L’étymologie du mot “travail” divise les spécialistes et il y a tout un débat pour savoir s’il vient de tripalium, un instrument de torture, de trabs, la poutre qui entrave, ou du préfixe tra, qui suggère une idée de mouvement. Trois conceptions bien différentes de ce que serait le travail. Dans le débat français sur les retraites, tripalium l’emporte, et de loin. Le travail ne serait que souffrance.

Le ministre [du Travail, Olivier Dussopt], qui défend la réforme, s’est même vu traiter d’assassin au Parlement et un historien résumait ainsi l’enjeu sur une chaîne de télévision :

“Ça veut dire, pour des millions d’hommes et de femmes salariés de ce pays, deux ans de plus livrés à l’exploitation capitaliste…”

Le progrès social serait donc de travailler moins, ce que réalisa avec superbe François Mitterrand en 1983, en faisant passer la retraite de 65 à 60 ans, sans trop s’encombrer de détails comme la durabilité du système ou la question de l’allongement de l’espérance de vie. Toute atteinte à cet acquis, comme les 62 ans de Sarkozy en 2010 ou les 64 ans du gouvernement actuel, serait donc une régression.

Impasse idéologique

Mais d’où vient que la France est à la fois le pays, en comparaison internationale, où on travaille le moins et celui où on se plaint le plus des conditions de travail ?

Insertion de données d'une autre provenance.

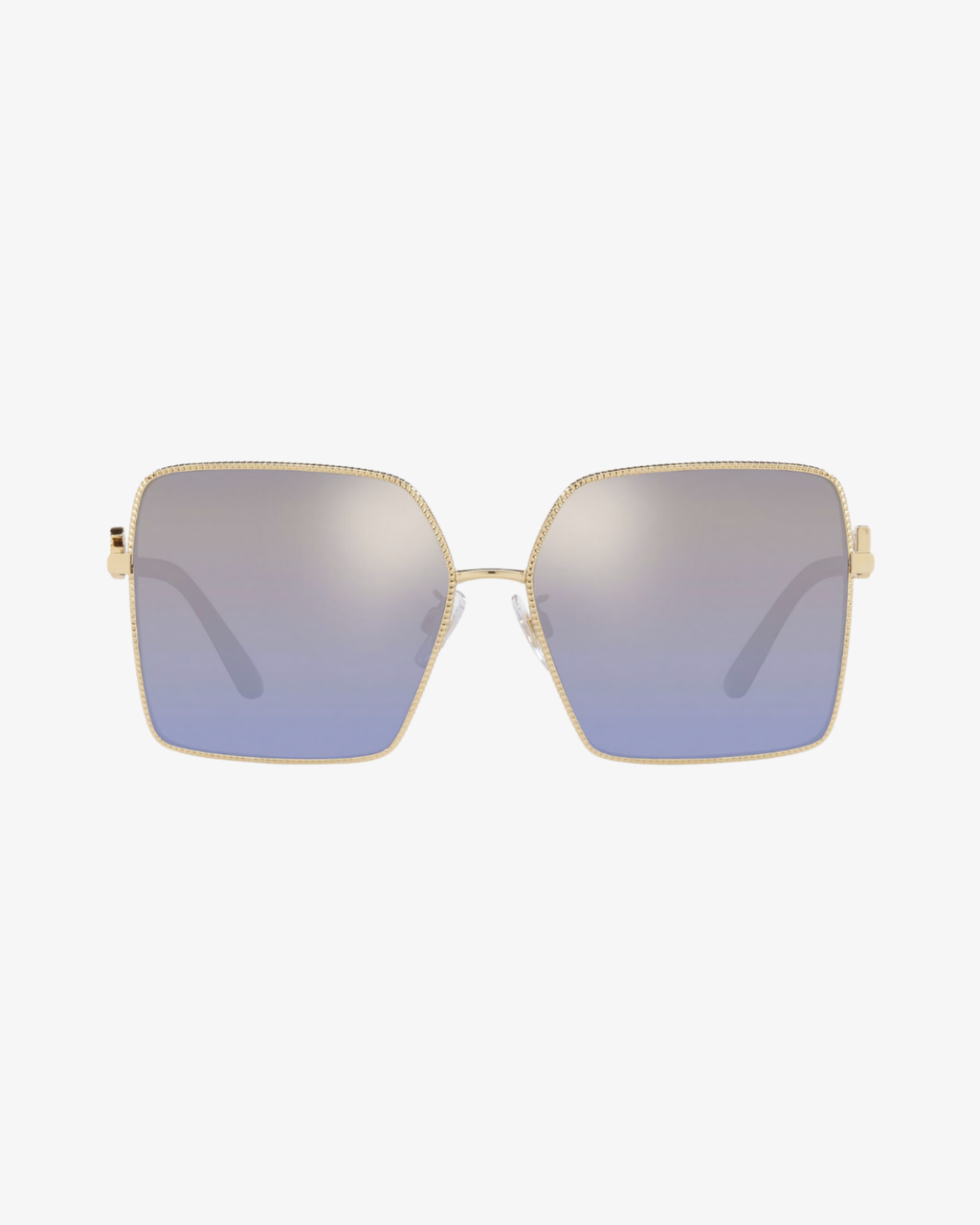 Dolce & Gabbana | DG2279 | 02/33 | 60
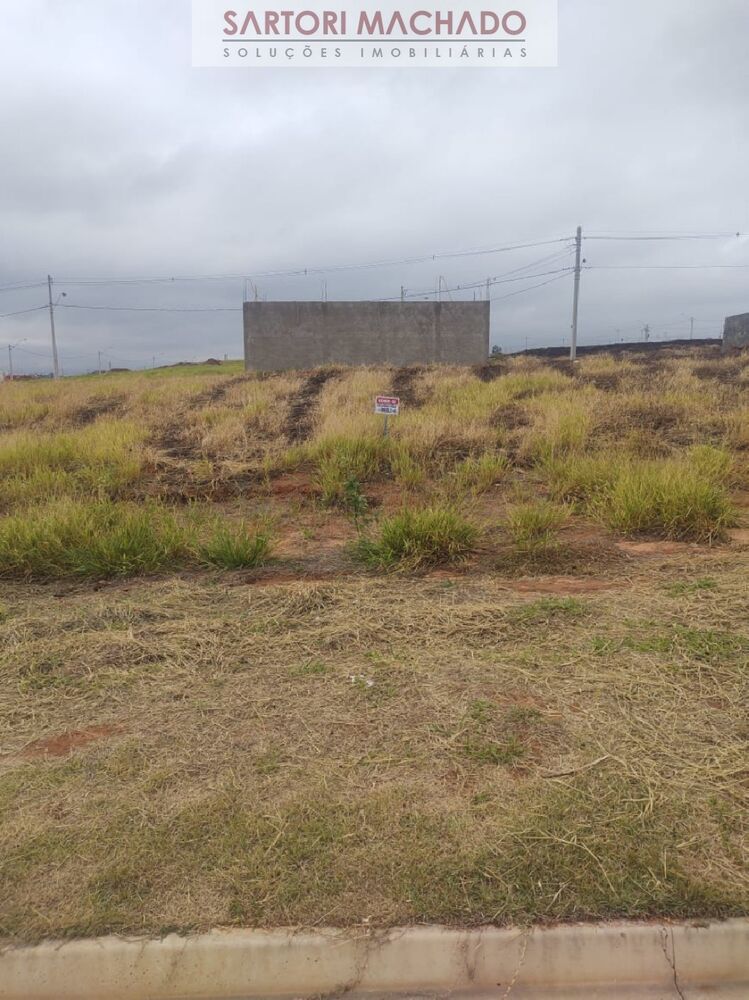 Terreno, 250 m² - Foto 1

Travailler moins ne rend pas heureux, ce n’est pas la clé du progrès social. La revalorisation des bas salaires, le respect des travailleurs âgés, la qualité du dialogue social, voilà trois domaines où la France, pour parler franc, ne fait pas figure de modèle. Mais pour mener ces combats, il faut sortir de l’impasse idéologique dans laquelle une partie de la gauche s’est fourvoyée et qui ne voit dans le travail qu’un instrument d’aliénation. Non, quand il est exercé dignement, le travail est libérateur.